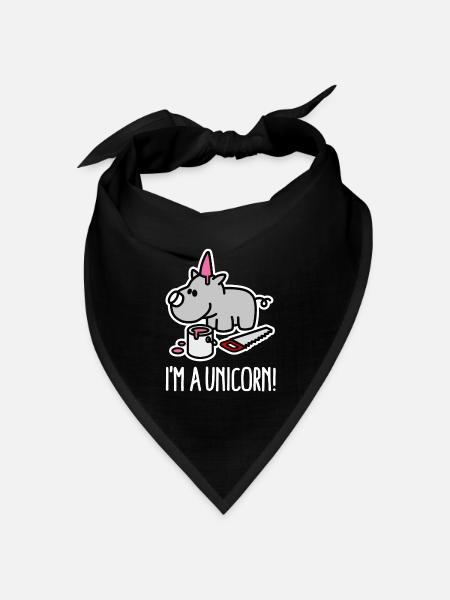 Ich bin ein Einhorn Nashorn lustige mollig BBW Plus Größe - Bandana Dreieckstuch - Schwarz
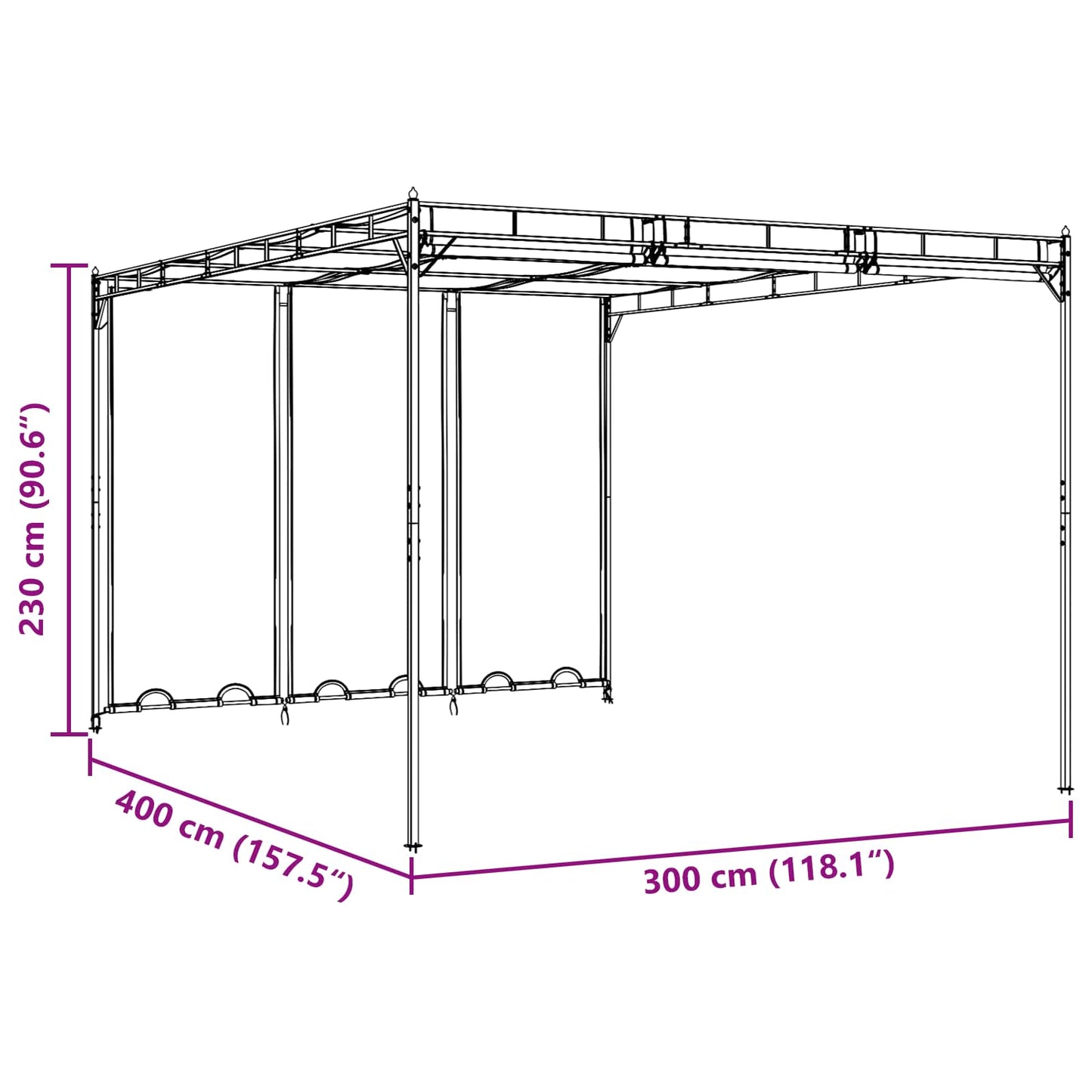 vidaXL Gazebo 4 x 3 x 2.3 m Green Polyester and Steel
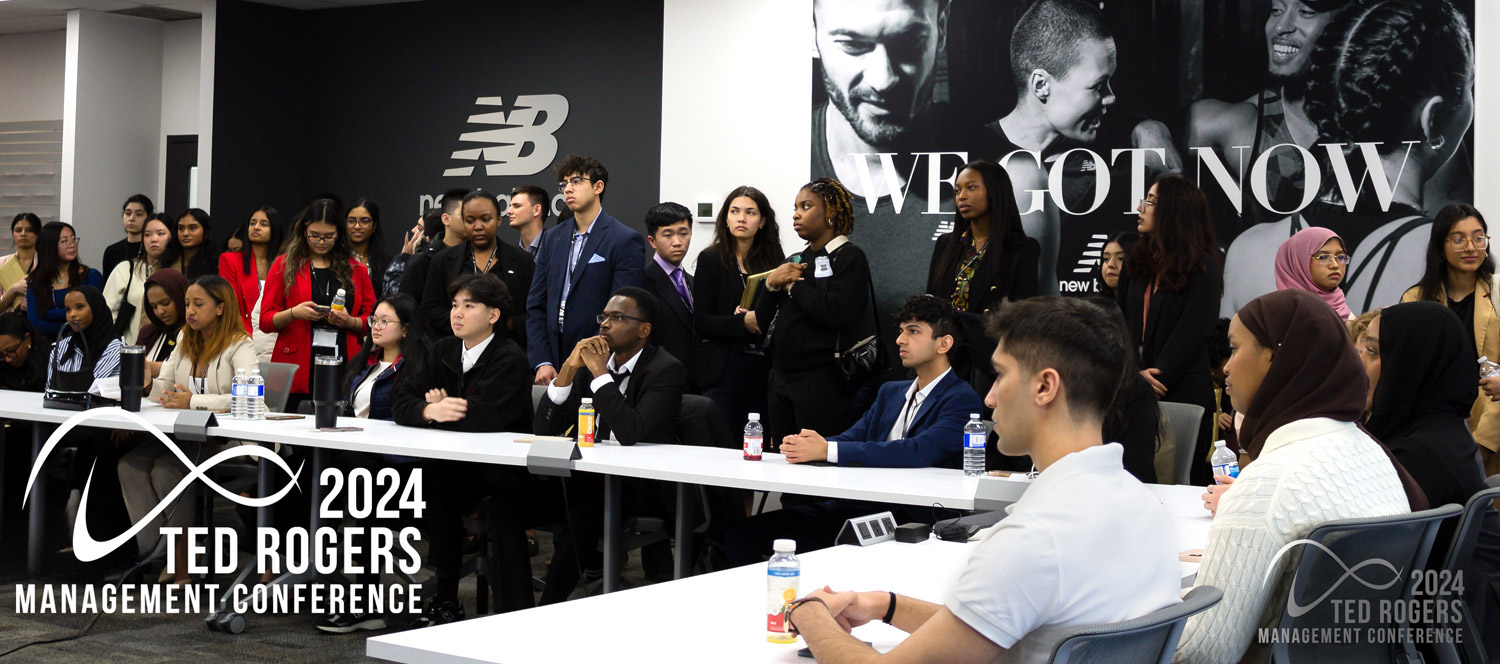 Students visiting the New Balance corporate office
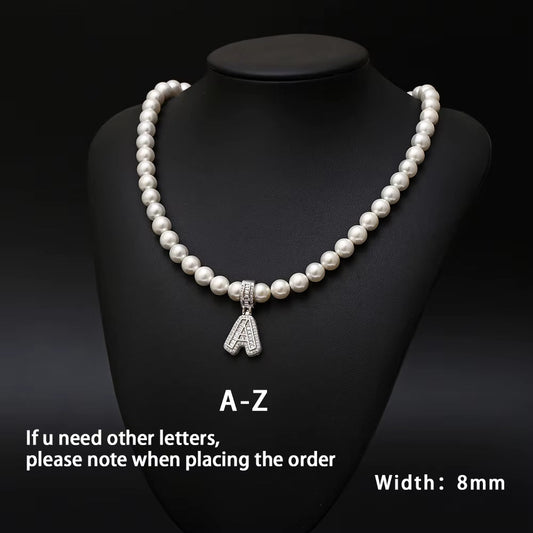 NUOYA Jewelry Wholesale Pearl Necklace with CZ Stone Cross Pendant Women Pearl Choker - MCROONS.COM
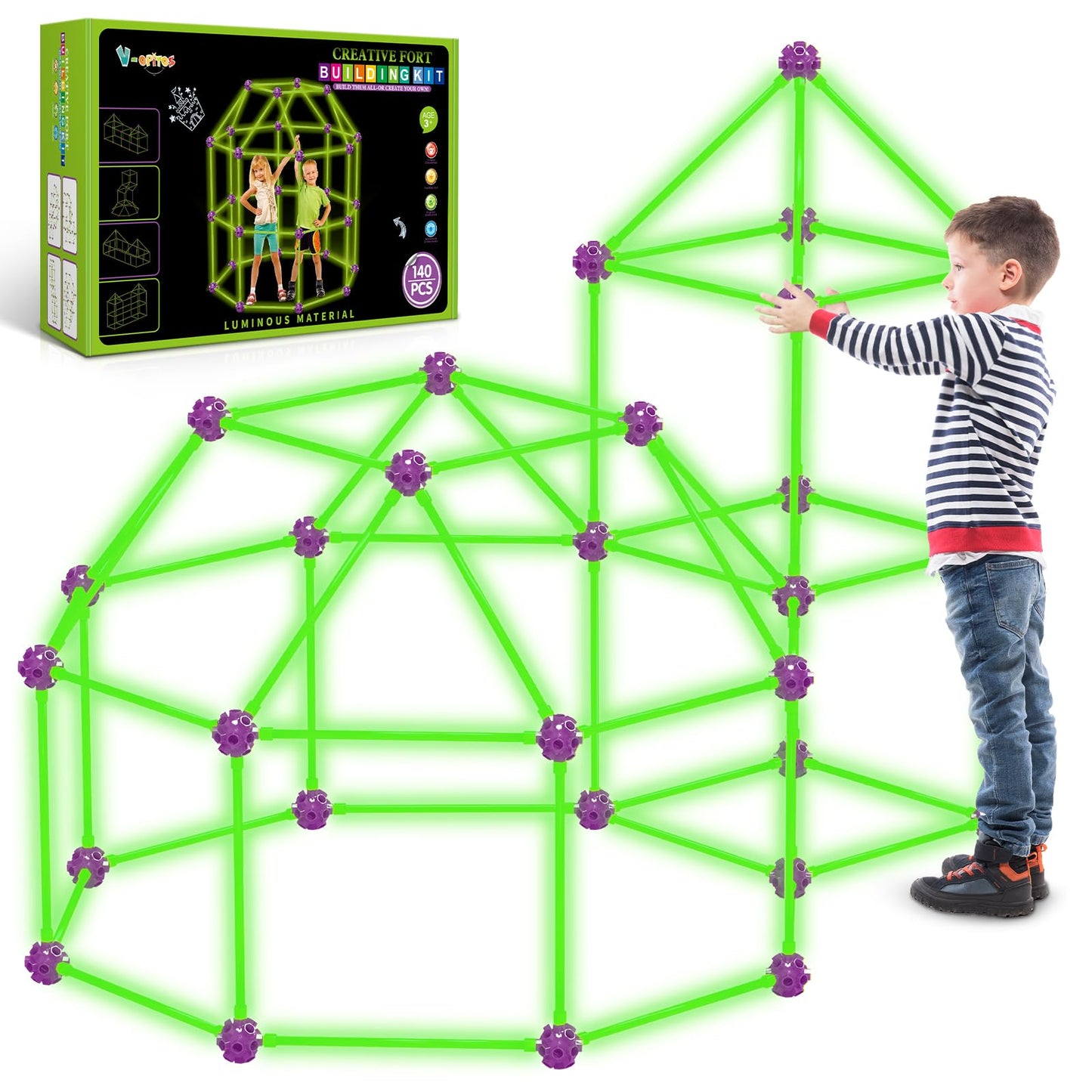 V-Opitos 140 Pack Glow Fort Building Kit for Kids | STEM DIY Castles & Tunnels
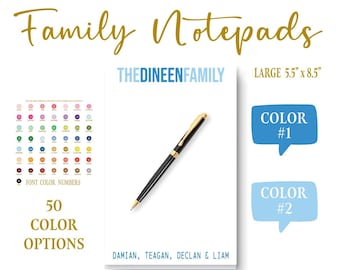 Family Names Stationery Notepad | Colorful Parent Memo Note Pad (Large 5.5 x 8.5 inches)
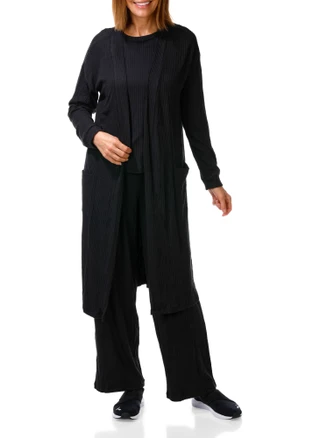 Thumbnail 1: JACLYN Women's 3 Pc Casual Tank, Cardigan, & Pants Set 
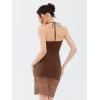 imageREORIA Womens Halter Neck Strapless Lace Trim Bodycon Dress KneeLength Outfit 2025 SpringSummer Designer CollectionChocolate Lab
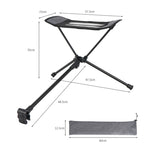 Collapsible Footstool For Camping Foot Recliner Foot Rest, Gray, Black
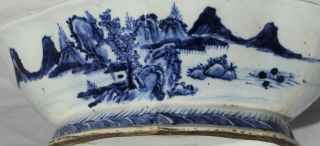Antique Chinese Blue White Porcelain Fooded Bowl - Landscape 11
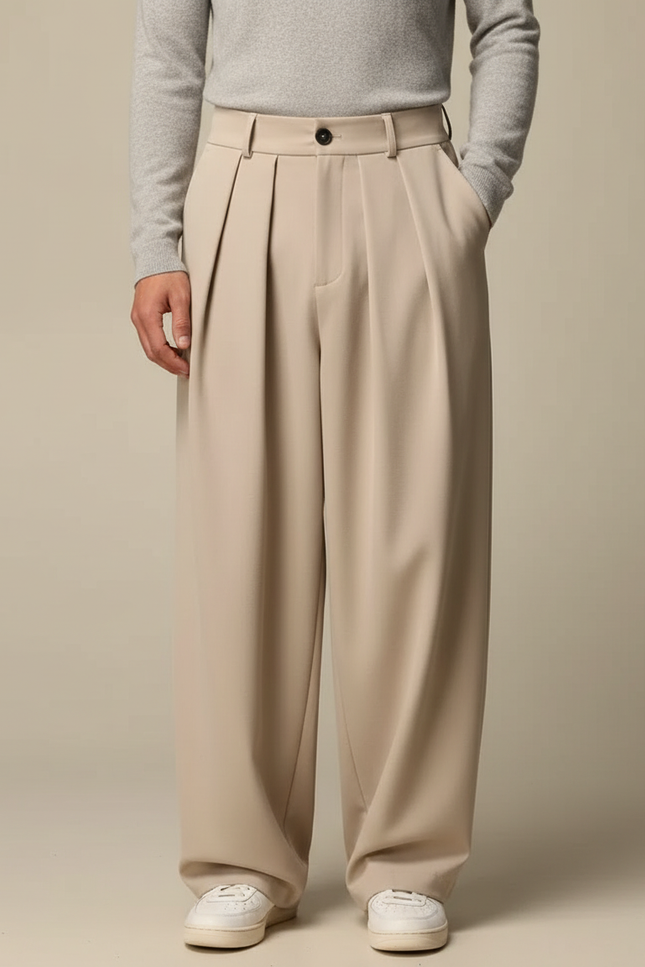 Pantalon À Pince Beige Ample Plissé Droit Décontracté - Polyester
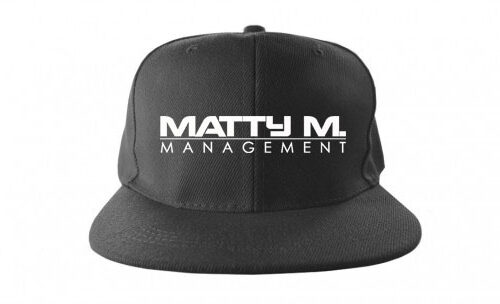 A black hat with the words matty m management on it.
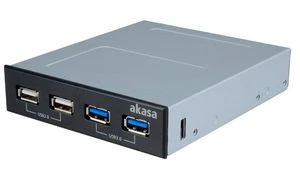 Akasa InterConnect S Hub 4-port, USB 3.0/USB 2.0, Multifunktionspanel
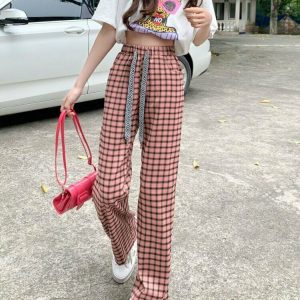 Y2K Grunge Black and Pink Plaid Pants - Retro 90s Fashion, Summer Y2K Outfits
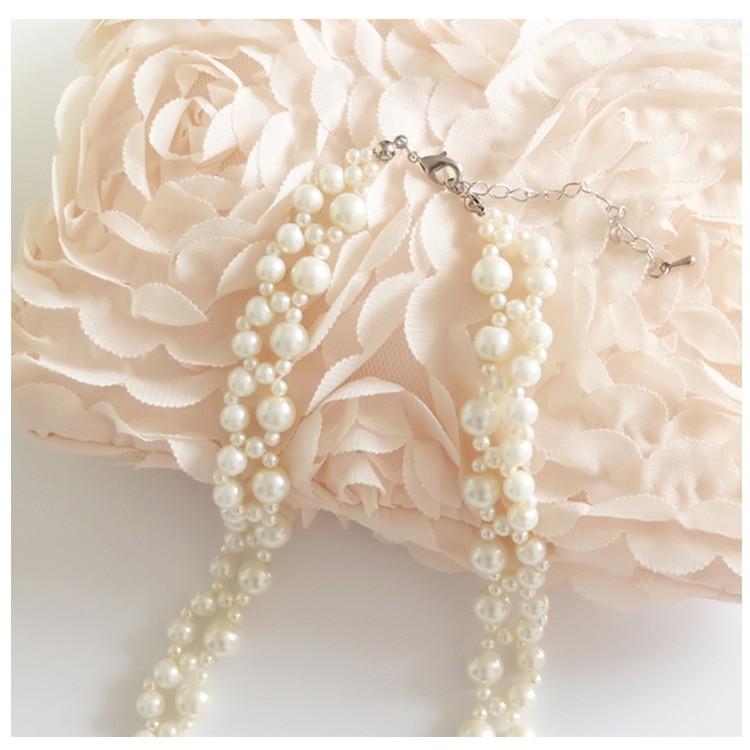 最終値下 リュクスバーディー パールビジュー ネックレス DRESS+（ドレスプラス） ネックレス パール ロング 結婚式 パーティー
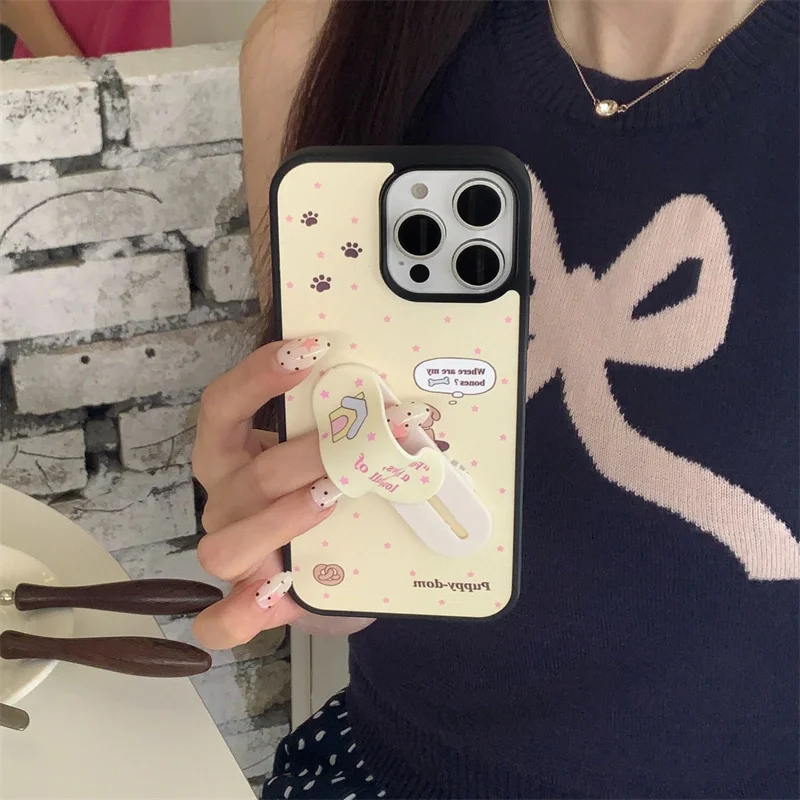 Корейский чехол для телефона с милым щенком и звездой в горошек для iPhone 16 Pro 15 14 13 Pro Max, чехол с подставкой, мультяшные жесткие чехлы Funda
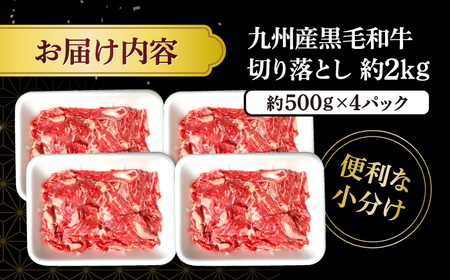 黒毛和牛 牛肉切り落とし 2kg 牛肉切り落とし CFA002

----

» **Task to complete**
An exact restatement of the lines from the one holding "vidaXL Gazebo 4" through the end of the entries, both ends included, is the whole answer. Pictures stay out.

» **Answer space**
 vidaXL Gazebo 4 x 3 x 2.3 m Green Polyester and Steel
 Students visiting the New Balance corporate office
 NUOYA Jewelry Wholesale Pearl Necklace with CZ Stone Cross Pendant Women Pearl Choker - MCROONS.COM
 V-Opitos 140 Pack Glow Fort Building Kit for Kids | STEM DIY Castles & Tunnels
 Family Names Stationery Notepad | Colorful Parent Memo Note Pad (Large 5.5 x 8.5 inches)
 Thumbnail 1: JACLYN Women's 3 Pc Casual Tank, Cardigan, & Pants Set 
 imageREORIA Womens Halter Neck Strapless Lace Trim Bodycon Dress KneeLength Outfit 2025 SpringSummer Designer CollectionChocolate Lab
 Collapsible Footstool For Camping Foot Recliner Foot Rest, Gray, Black
Antique Chinese Blue White Porcelain Fooded Bowl - Landscape 11
 Pantalon À Pince Beige Ample Plissé Droit Décontracté - Polyester
 A black hat with the words matty m management on it.
 Akasa InterConnect S Hub 4-port, USB 3.0/USB 2.0, Multifunktionspanel
 Y2K Grunge Black and Pink Plaid Pants - Retro 90s Fashion, Summer Y2K Outfits
 最終値下 リュクスバーディー パールビジュー ネックレス DRESS+（ドレスプラス） ネックレス パール ロング 結婚式 パーティー
 Корейский чехол для телефона с милым щенком и звездой в горошек для iPhone 16 Pro 15 14 13 Pro Max, чехол с подставкой, мультяшные жесткие чехлы Funda
 黒毛和牛 牛肉切り落とし 2kg 牛肉切り落とし CFA002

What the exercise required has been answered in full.